It’s like losing your job or having someone break up with you—you might think, yeah, we weren’t really that good together, but just the act of NOT SEEING IT COMING can make you feel nutso, and that reality somehow didn’t line up with your expectations is enough to make you lose your mind, just for a few minutes. But the recovery from that momentary loss can really be difficult. Because hey, if you didn’t see THAT coming, what else won’t you see coming? What else is going to just blindside you completely unexpectedly? And of course there’s no way to prepare for that kind of thing, but the mind doesn’t really comprehend that, only that if it happened once, we can learn from it, and prepare, in case it does happen again.
Here’s my question, now, though: what the hell can we do about this? What is the piece of adequate activism here? My first thought is that they MUST be doing something illegal, they must be crossing some line or committing some act of discrimination, because HELLO, they so clearly are.
But they threw a “prom.” Teachers and school administrators showed up at it, so it was a “real” event. That all the other students went somewhere else doesn’t have any legal ramification, somehow, right?

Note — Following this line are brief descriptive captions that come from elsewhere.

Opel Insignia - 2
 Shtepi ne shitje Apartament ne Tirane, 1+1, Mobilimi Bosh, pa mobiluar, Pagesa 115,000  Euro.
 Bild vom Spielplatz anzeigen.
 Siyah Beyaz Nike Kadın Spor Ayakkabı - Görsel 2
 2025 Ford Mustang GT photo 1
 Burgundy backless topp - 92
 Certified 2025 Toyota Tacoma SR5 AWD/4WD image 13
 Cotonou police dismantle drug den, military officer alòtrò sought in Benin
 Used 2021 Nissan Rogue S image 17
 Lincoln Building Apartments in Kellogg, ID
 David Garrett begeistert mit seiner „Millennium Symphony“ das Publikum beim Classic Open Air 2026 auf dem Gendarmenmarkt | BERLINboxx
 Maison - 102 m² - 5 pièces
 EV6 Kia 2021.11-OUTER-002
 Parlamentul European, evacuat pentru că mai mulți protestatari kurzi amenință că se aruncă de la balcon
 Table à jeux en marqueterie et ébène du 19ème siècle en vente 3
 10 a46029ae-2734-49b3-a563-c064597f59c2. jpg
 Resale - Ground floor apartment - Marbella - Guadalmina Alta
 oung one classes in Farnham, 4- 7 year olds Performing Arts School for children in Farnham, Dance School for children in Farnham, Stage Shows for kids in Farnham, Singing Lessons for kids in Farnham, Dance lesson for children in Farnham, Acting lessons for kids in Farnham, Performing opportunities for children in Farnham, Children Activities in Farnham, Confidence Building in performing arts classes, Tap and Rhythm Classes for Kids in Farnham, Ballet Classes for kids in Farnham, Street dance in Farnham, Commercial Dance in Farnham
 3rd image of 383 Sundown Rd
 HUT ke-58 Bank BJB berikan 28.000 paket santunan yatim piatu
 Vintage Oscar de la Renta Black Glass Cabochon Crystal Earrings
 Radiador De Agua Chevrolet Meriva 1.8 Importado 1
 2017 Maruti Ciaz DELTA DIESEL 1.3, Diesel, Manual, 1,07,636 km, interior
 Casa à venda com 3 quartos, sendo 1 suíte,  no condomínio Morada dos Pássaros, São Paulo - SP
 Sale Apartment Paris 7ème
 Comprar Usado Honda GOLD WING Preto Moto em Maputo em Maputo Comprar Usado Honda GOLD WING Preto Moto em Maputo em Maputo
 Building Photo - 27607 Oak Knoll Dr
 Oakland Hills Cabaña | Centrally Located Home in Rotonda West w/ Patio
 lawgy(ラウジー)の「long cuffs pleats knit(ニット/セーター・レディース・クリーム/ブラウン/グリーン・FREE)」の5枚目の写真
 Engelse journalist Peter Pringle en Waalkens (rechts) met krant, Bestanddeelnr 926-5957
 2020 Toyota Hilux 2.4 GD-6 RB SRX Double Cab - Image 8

Because it is TOTALLY LEGAL to hold a separate prom. It is totally legal for people to hold private parties and not invite certain people, regardless of whether it is due to their gender identity, sexual orientation, race or ethnicity, or if you just simply don’t like that person. This is, in my understanding, how many of the segregated proms still exist and operate in the South: because they are private. And of course these events are products of a culture that makes it normal to have a segregated prom.
Okay, so: if the students were all making a fuss about this, if the students were saying, “we don’t want two proms, of COURSE this really outta-sight gay lady is included, we all want to go to the same prom, yay differences!” then perhaps we would have one prom, yeah? But the students aren’t really going to do that when it is their parents who are throwing the separate prom in the first place. The kids of those parents are probably elite, privileged, and have, to some degree or another, grown up with discrimination in the water, in the air they breathe. They are probably not very likely to stand up and support Constance.
So what next?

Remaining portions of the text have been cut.